On 14 September 1585 Sparke preached at Chenies, Buckinghamshire, a funeral sermon on Francis Russell, 2nd Earl of Bedford; he also preached at the funeral of his patron, Lord Grey de Wilton, on 22 November 1593, at Whaddon, Buckinghamshire. In 1591 he published an Answere to Mr. John de Albine's notable Discourse against Heresies, against Jean d'Albin de Valsergues; his opponent's complete text is inserted and answered chapter by chapter.
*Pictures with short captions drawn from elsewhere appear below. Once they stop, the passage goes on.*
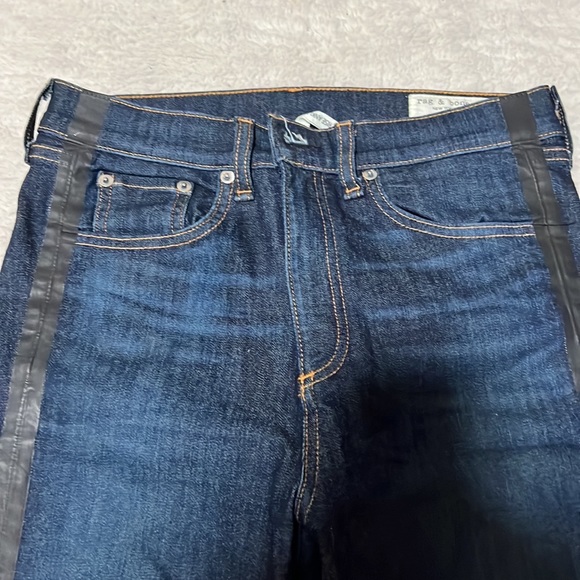 Rag and Bone High Rise Contrast Stripe Skinny Jean - Picture 9 of 10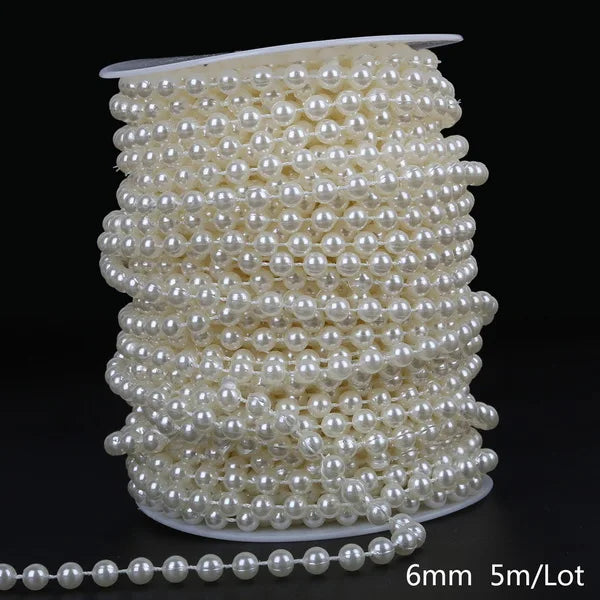 Garniture de fil de perle d'ivoire pour la décoration de fête de mariage de bricolage, ABS 216.239., perle JOLine, résultats de bijoux, accessoires d'artisanat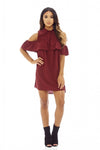 Wine Ruffle Cold Shirt Dress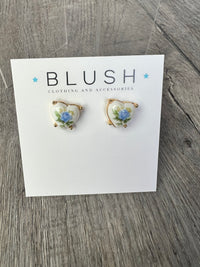 Blue Coquette Ceramic Heart Stud Earring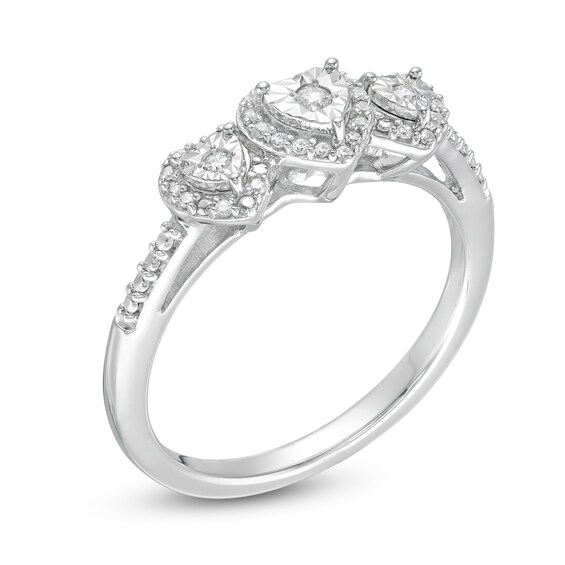 1/8 CT. T.w. Diamond Three Stone Heart Frame Promise Ring in Sterling Silver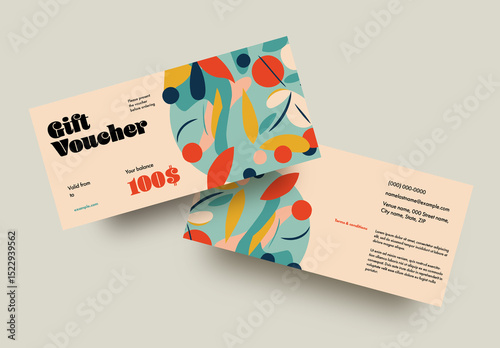 Abstract Gift Voucher Layout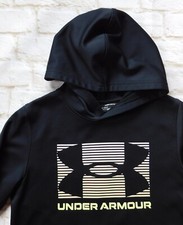 UNDER ARMOUR   Boys M Medium YMD   LOOSE Black Pullover Hoodie Sweatshirt DH24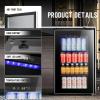 imageAntarctic Star Beverage Refrigerator Cooler68 Can 16 Bottle Mini Fridge for Soda Beer Wine ChampagneGlass Door Drink Dispenser Knob Controlfor Home and Bar17CuFtBlackBlack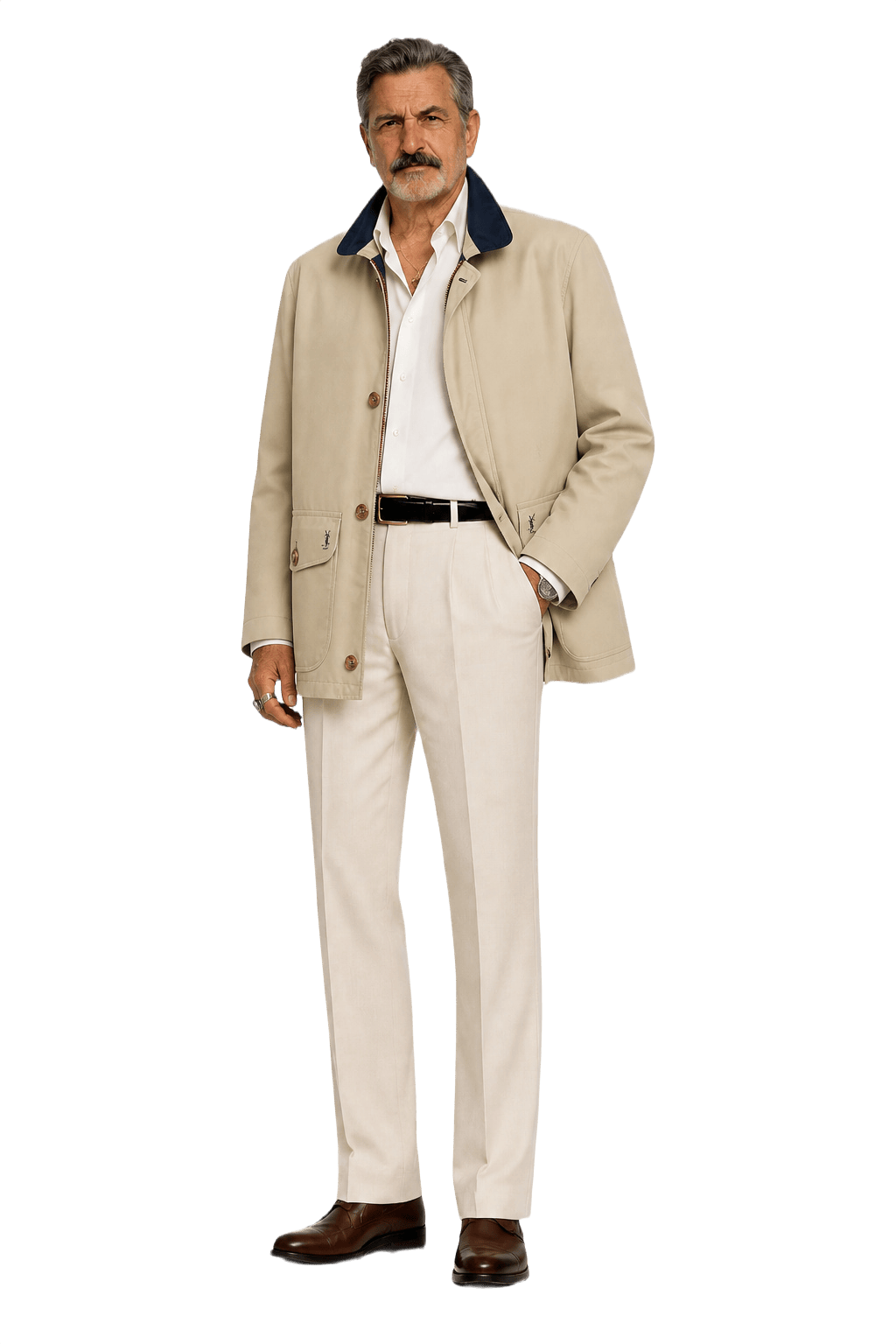 1980s Beige Cotton Blend Jacket - Model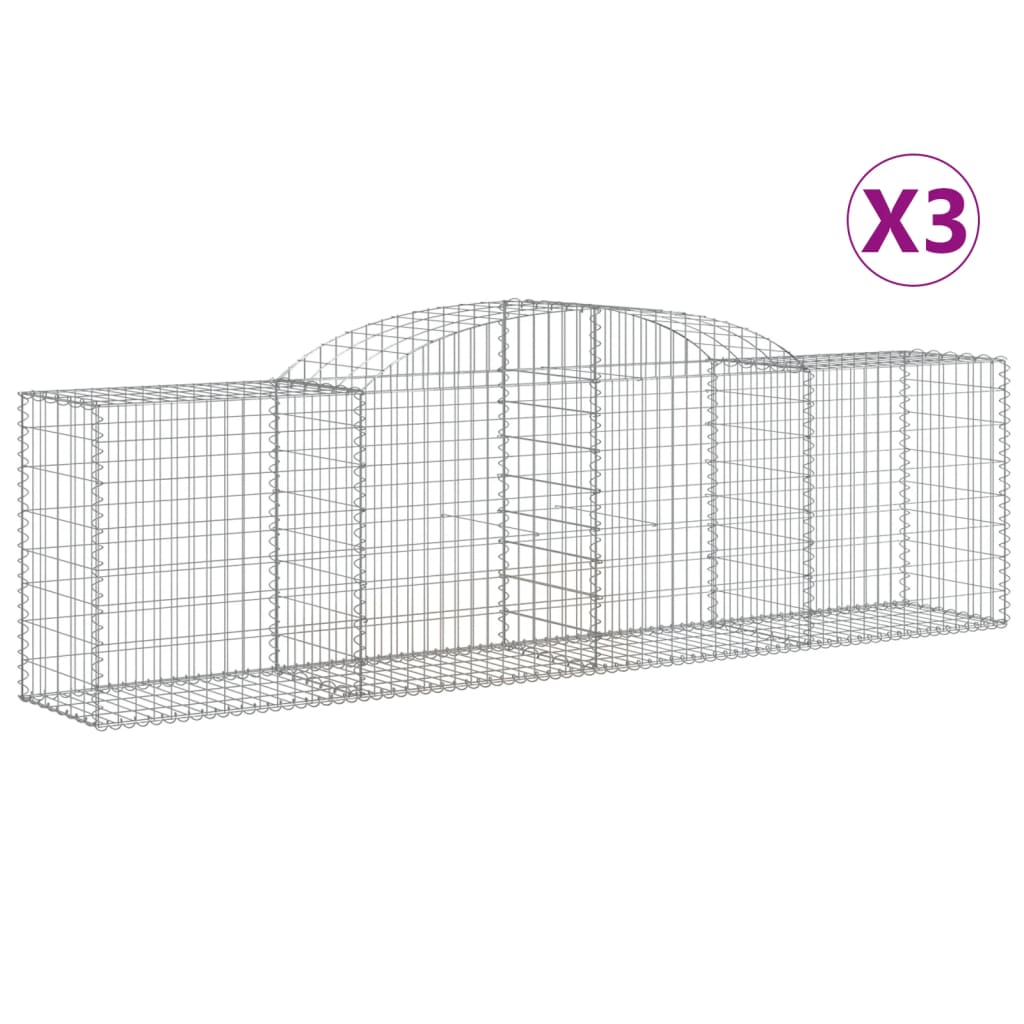 Klenuté gabionové koše 3 ks 300x50x80/100 cm pozinkované železo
He was summoned by James I to the Hampton Court conference in 1603 as a nonconformist; Anthony à Wood says that he appeared there in 1604 unconventionally dressed, and he reportedly said little. The king, however, was gracious. Sparke, in later writing A Brotherly Persuasion to Unity and Uniformity in Judgment and Practice (1607), adopted an eirenic line.[2] He was attacked in An Antidote against the Pestiferous Writings of all English Sectaries ... in particular against Dr. Sparke, (1615) by Sylvester Norris.
Sparke died at Bletchley on 8 October 1616. He was buried in the chancel of the parish church, where a monument with an epitaph was erected to him by his eldest son.
Sparke married Rose, youngest daughter of John Inkforbye, merchant, of Ipswich. Of their ten children, only five survived her death on 7 August 1615. Of the sons, William Sparke (1587–1641) became chaplain to George Villiers, 1st Duke of Buckingham, and succeeded his father as incumbent of Bletchley, but fell into debt and was forced to quit.